Edit tests/gtest_dlt_user.cpp
const auto max_runtime = std::chrono::seconds(15);
Build dlt-daemon and execute tests:
mkdir build
cd build
cmake -DWITH_DLT_UNIT_TESTS=ON -DDLT_IPC=UNIX_SOCKET ..
make -j16
make test
2/15 Test #2: gtest_dlt_user ............................***Failed 16.01 sec
I run the tests on bf947b30b96d53b2944106359e2224e2ea419074 from master branch on Ubuntu 22.04
Hello @marcin-sochacki Any update on this issue. I can reproduce the case, but just occasionally, with longer period (16 seconds). Still I have no clue how to handle this test case correctly.
Hello @marcin-sochacki Any update on this issue. I can reproduce the case, but just occasionally, with longer period (16 seconds). Still I have no clue how to handle this test case correctly.
I think the test case is correct, but the tested code isn't. There might be a user app startup/shutdown redesign required. You may want to implement a thread safe state machine and properly handle dlt_init() and dlt_free() in each state.
I understand that such changes always introduce a risk of introducing new issues, so you have to decide if you can live with this...
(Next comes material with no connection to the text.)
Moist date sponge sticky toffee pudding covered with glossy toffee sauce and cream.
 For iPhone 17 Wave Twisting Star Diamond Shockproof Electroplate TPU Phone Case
was the leaking fd when no connection is made to dlt-daemon (https://github.com/COVESA/dlt-daemon/issues/522#issuecomment-1684068925) fixed already? If not we probably should fix that first and see if this resolves the issue. Otherwise we can still re-work the thread safety issue. Ignoring this isn't a good idea as libdlt should be thread safe.